In the previous exercise, we looked at different sets of samples taken from a population and how the mean of each set could be different from the population mean. This is a natural consequence of the fact that a set of samples has less data than the population to which it belongs. If our sample selection is poor then we will have a sample mean seriously skewed from our population mean.

There is one surefire way to mitigate the risk of having a skewed sample mean — take a larger set of samples. The sample mean of a larger sample set will more closely approximate the population mean. This phenomenon, known as the Central Limit Theorem, states that if we have a large enough sample size, all of our sample means will be sufficiently close to the population mean.

Later, we'll learn how to put numeric values on "large enough" and "sufficiently close".

In [11]:
# Create population and find population mean

# loc = mean (center) of the distribution
# scale = std (spread or width) of the distribution

population = np.random.normal(loc=65, scale=100, size=3000)
population_mean = np.mean(population)

# Select increasingly larger samples
extra_small_sample = population[:10]
small_sample = population[:50]
medium_sample = population[:100]
large_sample = population[:500]
extra_large_sample = population[:1000]

# Calculate the mean of those samples
extra_small_sample_mean = np.mean(extra_small_sample)
small_sample_mean = np.mean(small_sample)
medium_sample_mean = np.mean(medium_sample)
large_sample_mean = np.mean(large_sample)
extra_large_sample_mean = np.mean(extra_large_sample)

# Print them all out!
print("Extra Small Sample Mean: {}".format(extra_small_sample_mean))
print("Small Sample Mean: {}".format(small_sample_mean))
print("Medium Sample Mean: {}".format(medium_sample_mean))
print("Large Sample Mean: {}".format(large_sample_mean))
print("Extra Large Sample Mean: {}".format(extra_large_sample_mean))

print("\nPopulation Mean: {}".format(population_mean))

Extra Small Sample Mean: 81.63923937890398
Small Sample Mean: 77.48585150954135
Medium Sample Mean: 62.78963852914493
Large Sample Mean: 55.80149840714335
Extra Large Sample Mean: 60.42100224819855

Population Mean: 64.24944252840096


#### Hypothesis Tests

When observing differences in data, a data analyst understands the possibility that these differences could be the result of random chance.

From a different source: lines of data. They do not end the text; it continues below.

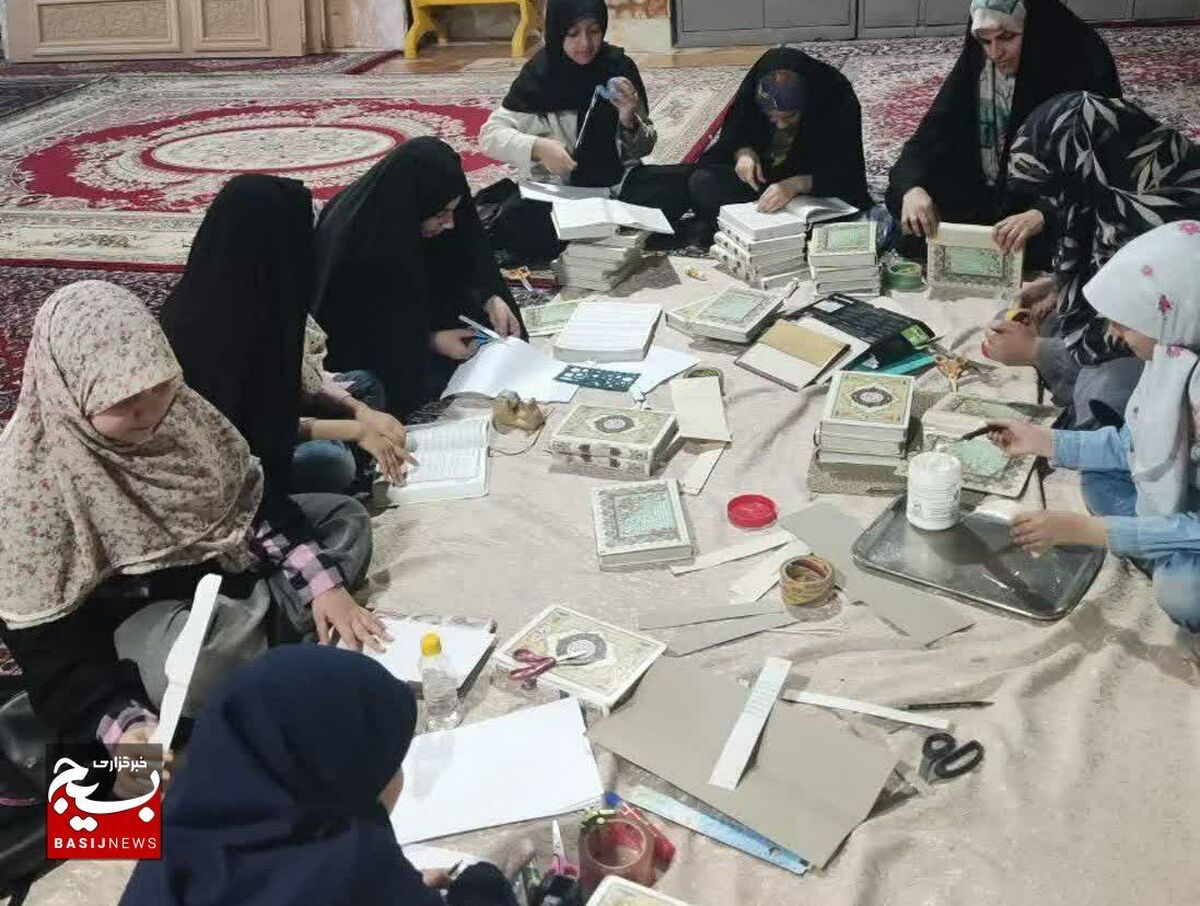 صحافی و مرمت کتب ادعیه و قرآن توسط نوجوانان بسیجی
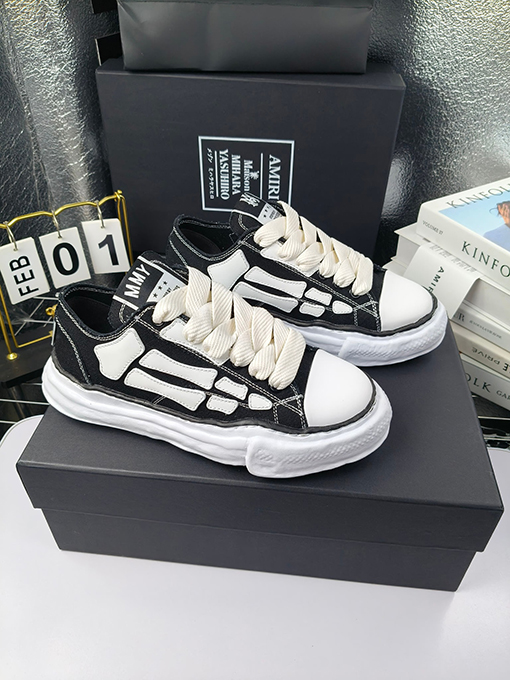 アミリスーパーコピー 骨を溶かすコラボレーションスケートシューズ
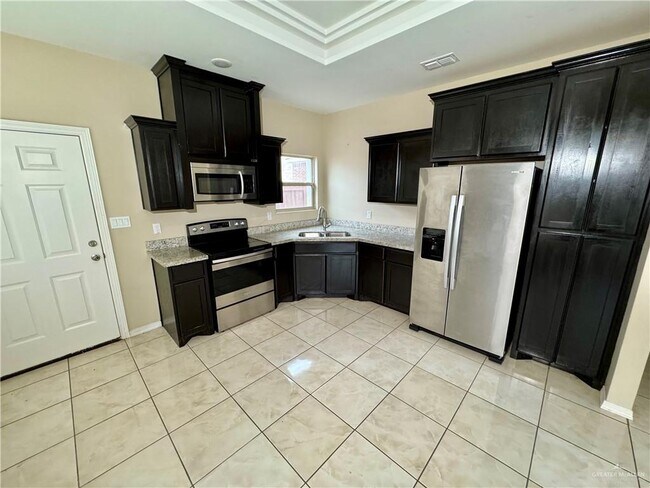 Photo - 12 Primrose Ave Unit Apt 3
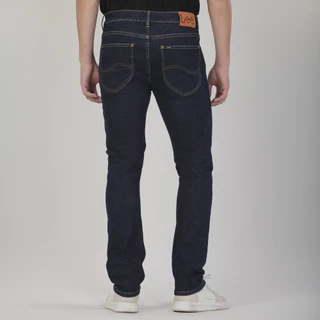 LEE กางเกงยีนส์ผู้ชาย เอวต่ำ ทรงเข้ารูป รุ่น LE S126MRAMF01 สียีนส์เข้ม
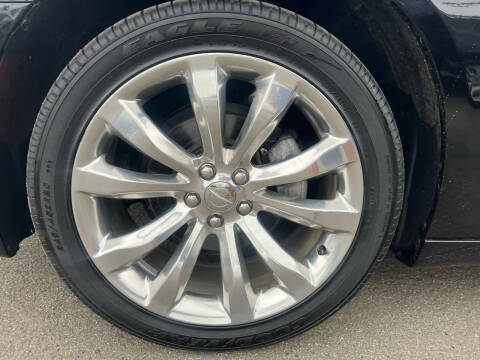 2018 Chrysler 300 Touring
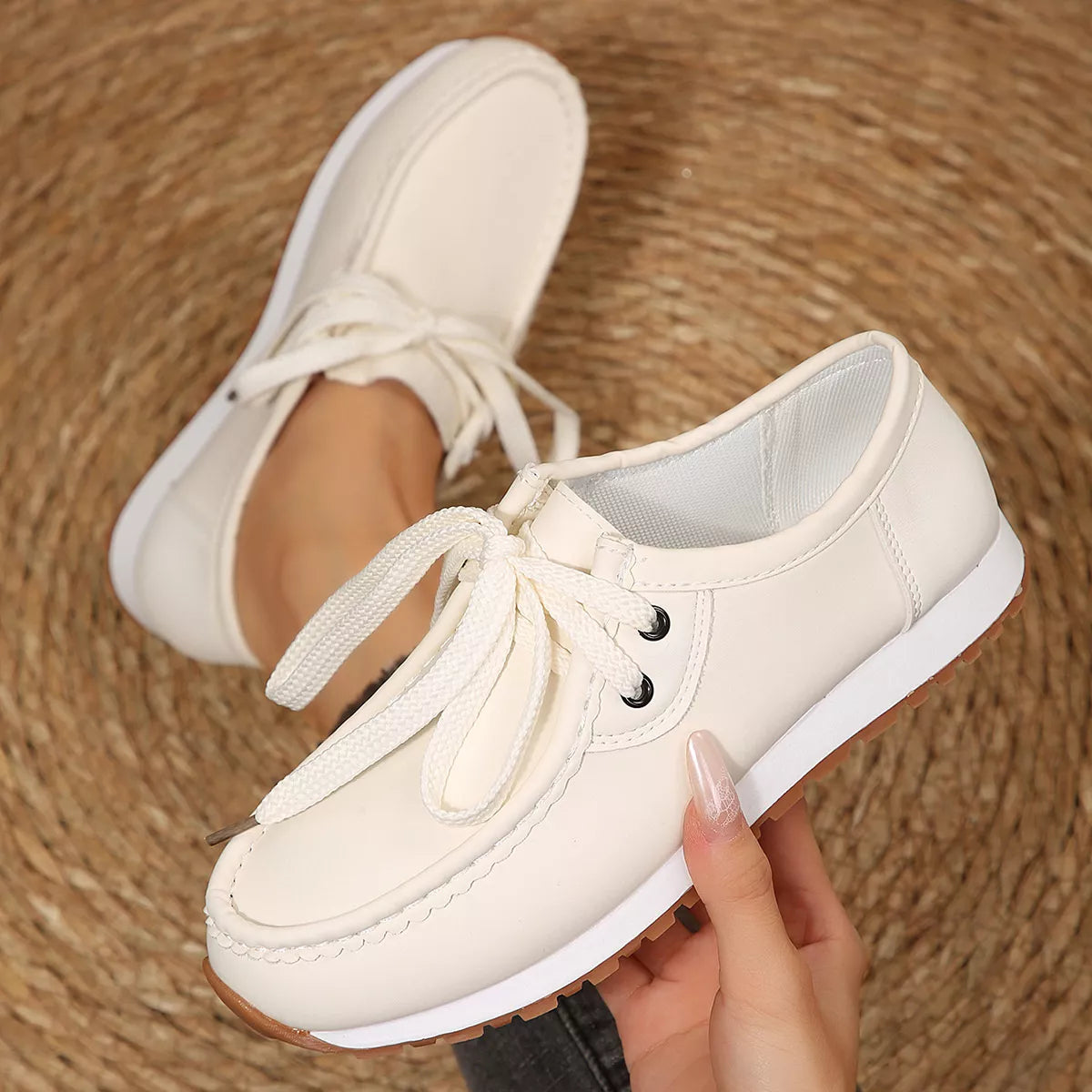 Round Toe Lace Up Sneakers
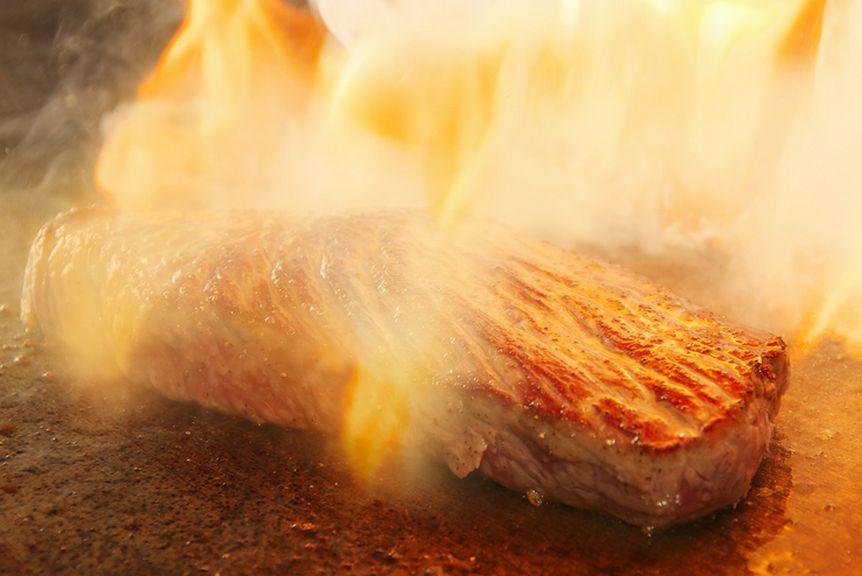 [要予約でご提供♪]土佐あかうしヒレ肉 ステーキ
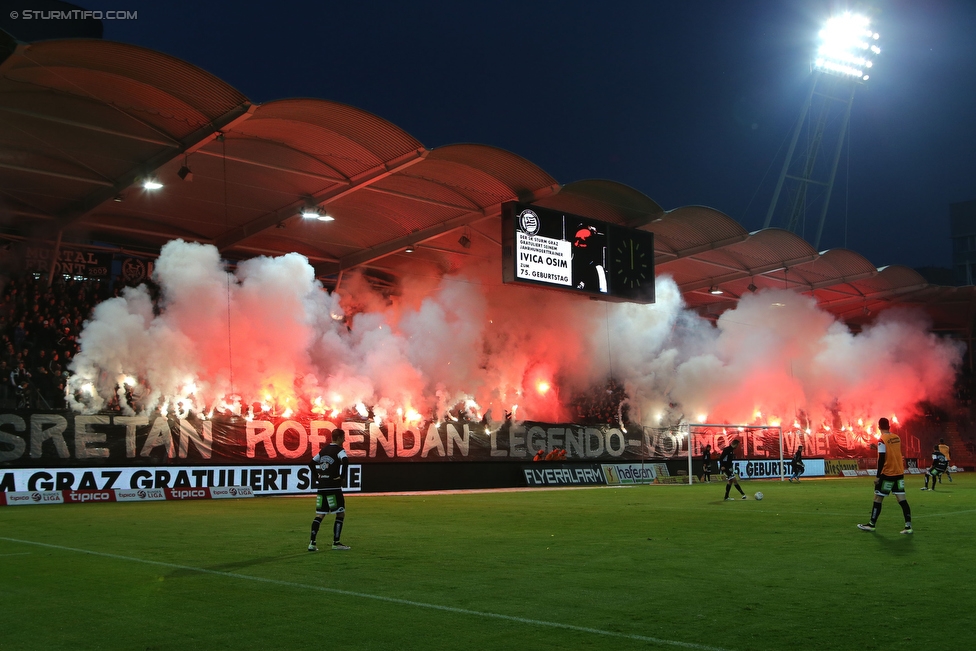 Sturm Graz - Mattersburg
Oesterreichische Fussball Bundesliga, 35. Runde, SK Sturm Graz - SV Mattersburg, Stadion Liebenau Graz, 11.05.2016. 

Foto zeigt Fans von Sturm mit einem Spruchband fuer Ivica Osim (ehem. Trainer Sturm)
Schlüsselwörter: pyrotechnik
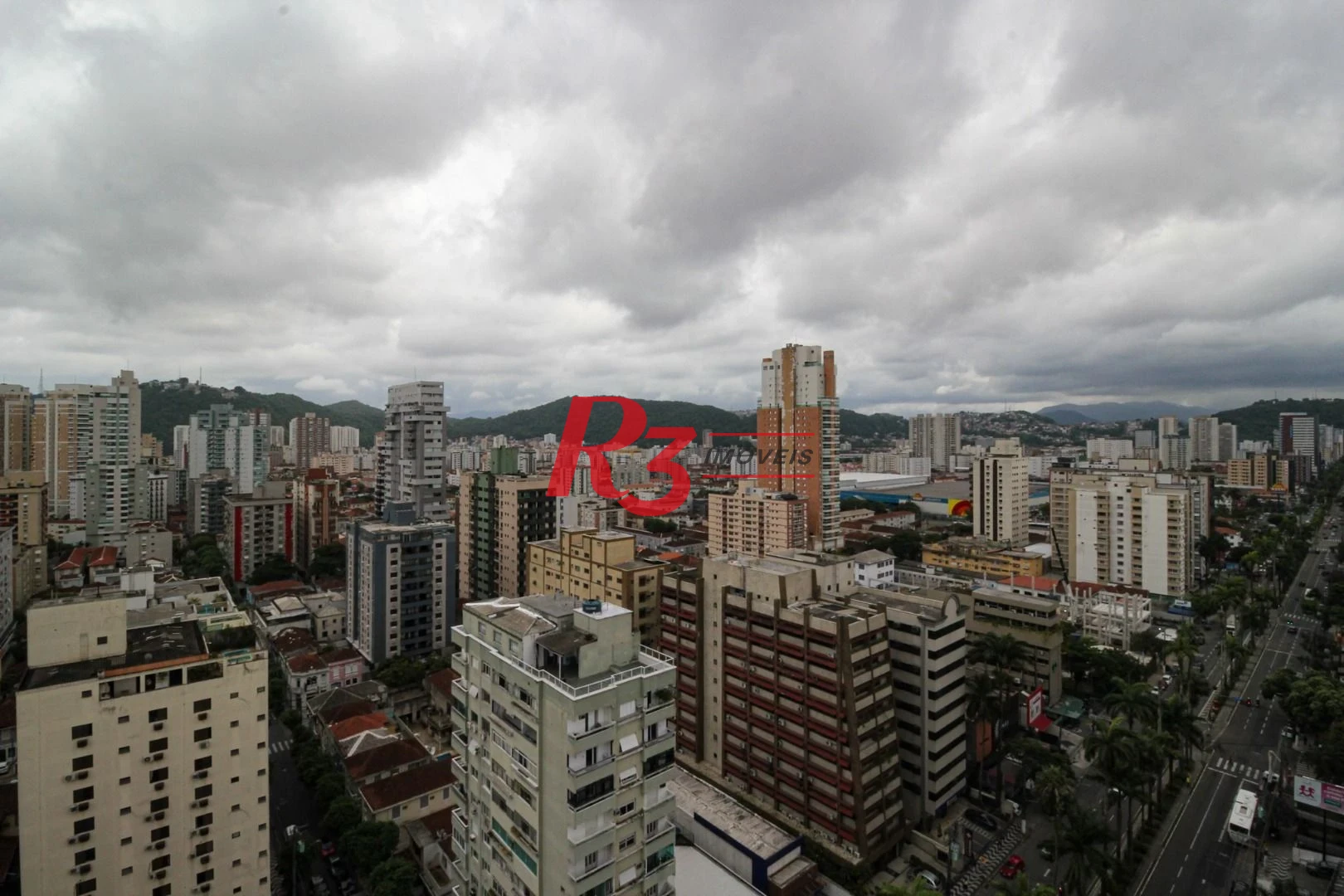 Apartamento para alugar, 101 m² por R$ 9.000,02/mês - Gonzaga - Santos/SP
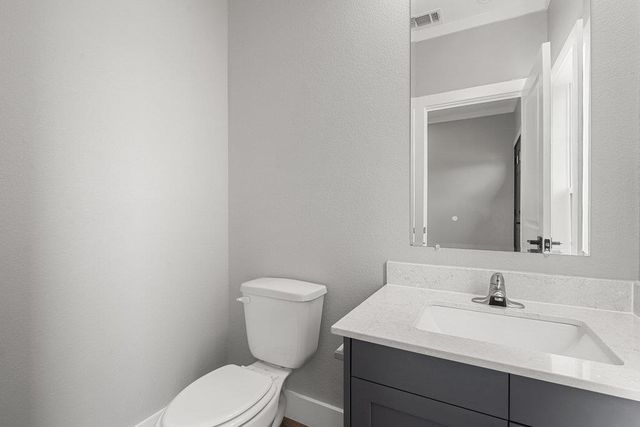 2029 Applewood DR, Lockhart, TX 78644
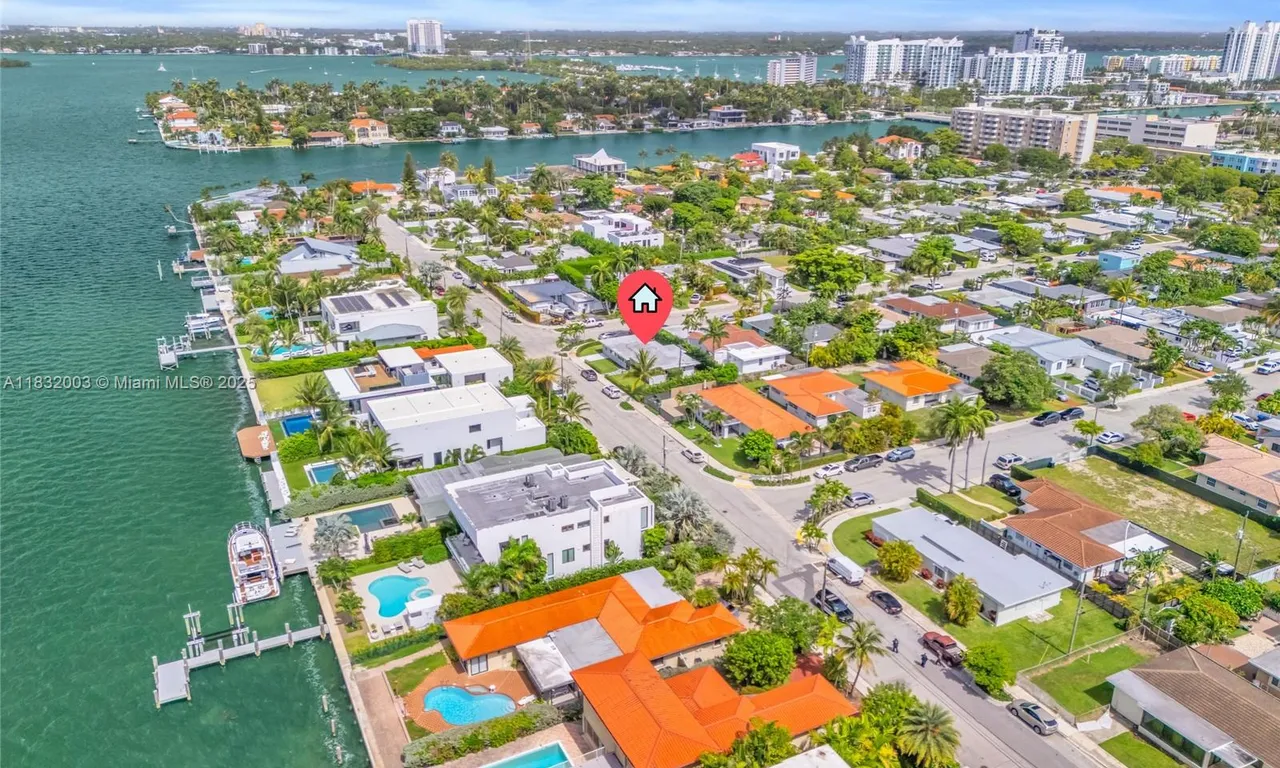 1601 S Treasure Dr, North Bay Village FL 33141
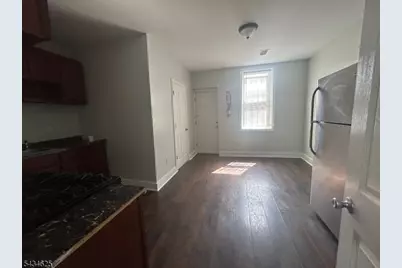 150 Stuyvesant Ave #1R, Newark, NJ 07106 - Photo 7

Suppose we want to know if men are more likely to sign up for a given programming class than women. We invite 100 men and 100 women to this class. After one week, 34 women sign up, and 39 men sign up. More men than women signed up, but is this a "real" difference?

We have taken sample means from two different populations, men and women. We want to know if the difference that we observe in these sample means reflects a difference in the population means. To formally answer this question, we need to re-frame it in terms of probability:

"What is the probability that men and women have the same level of interest in this class and that the difference we observed is just chance?"

In other words, "If we gave the same invitation to every person in the world, would more men still sign up?"

A more formal version is: "What is the probability that the two population means are the same and that the difference we observed in the sample means is just chance?"

These statements are all ways of expressing a null hypothesis. A null hypothesis is a statement that the observed difference is the result of chance.

Hypothesis testing is a mathematical way of determining whether we can be confident that the null hypothesis is false. Different situations will require different types of hypothesis testing, which we will learn about in the next lesson.

#### Type I Or Type II

When we rely on automated processes to make our decisions for us, we need to be aware of how this automation can lead to mistakes. Computer programs are as fallible as the humans who design them. As humans capable of programming, the responsibility is on us to understand what can go wrong and what we can do to contain these foreseeable problems.

In statistical hypothesis testing, we concern ourselves primarily with two types of error. The first kind of error, known as a Type I error, is finding a correlation between things that are not related. This error is sometimes called a "false positive" and occurs when the null hypothesis is rejected even though it is true.

For example, let's say you conduct an A/B test for an online store and conclude that interface B is significantly better than interface A at directing traffic to a checkout page. You have rejected the null hypothesis that there is no difference between the two interfaces. If, in reality, your results were due to the groups you happened to pick, and there is actually no significant difference between interface A and interface B in the greater population, you have been the victim of a false positive.

The second kind of error, a Type II error, is failing to find a correlation between things that are actually related. This error is referred to as a "false negative" and occurs when the null hypothesis is accepted even though it is false.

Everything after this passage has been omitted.